In the entries below, find the line with "Bai Tu Long Bay Cruises" and the line with "晴天维也纳城市现代市中心公园湖全景4k时间推移奥地利视频素材". Repeat exactly everything between them, those two lines included, but not the pictures.

(Dataset extract begins)

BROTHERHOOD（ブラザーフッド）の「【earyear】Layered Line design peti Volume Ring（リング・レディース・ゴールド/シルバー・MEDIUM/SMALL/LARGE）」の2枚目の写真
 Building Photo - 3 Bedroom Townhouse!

(Dataset extract ends)
(Dataset extract begins)

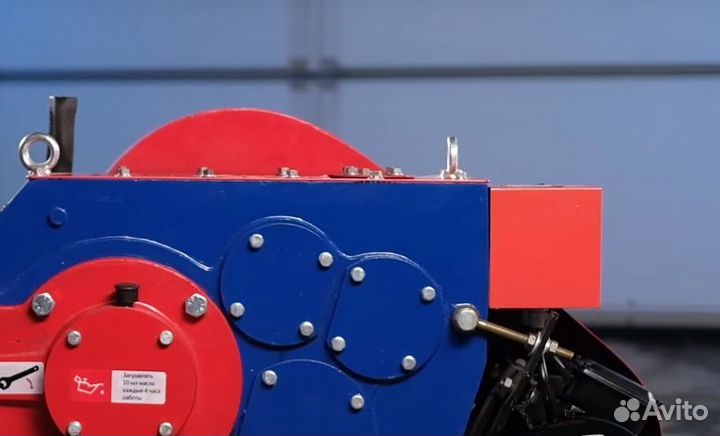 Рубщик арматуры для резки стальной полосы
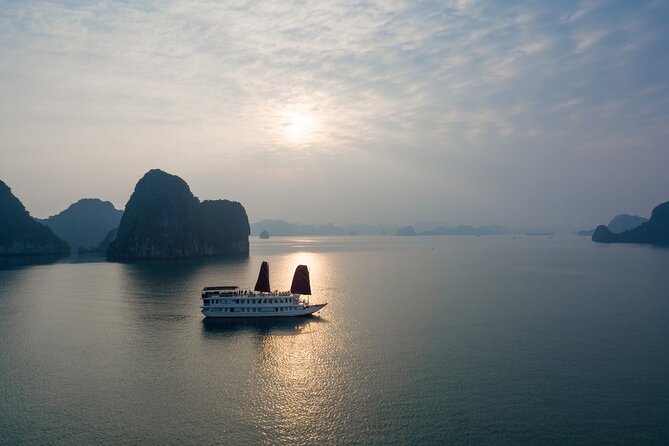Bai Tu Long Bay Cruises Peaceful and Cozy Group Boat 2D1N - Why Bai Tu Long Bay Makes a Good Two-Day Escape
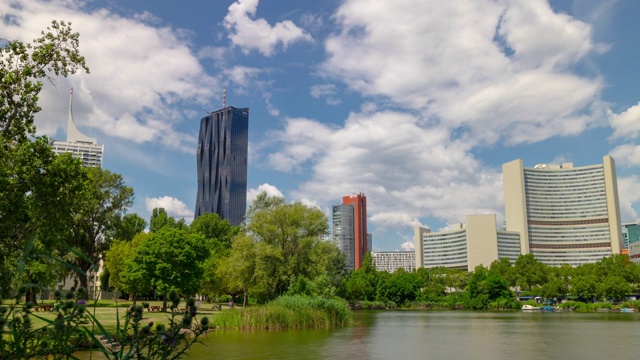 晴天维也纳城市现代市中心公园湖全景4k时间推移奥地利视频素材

(Dataset extract ends)
(Dataset extract begins)

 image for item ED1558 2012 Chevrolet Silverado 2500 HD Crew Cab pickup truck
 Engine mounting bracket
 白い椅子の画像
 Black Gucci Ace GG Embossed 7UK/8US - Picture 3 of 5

(Dataset extract ends)

▶ Output of the exercise
Bai Tu Long Bay Cruises Peaceful and Cozy Group Boat 2D1N - Why Bai Tu Long Bay Makes a Good Two-Day Escape
 晴天维也纳城市现代市中心公园湖全景4k时间推移奥地利视频素材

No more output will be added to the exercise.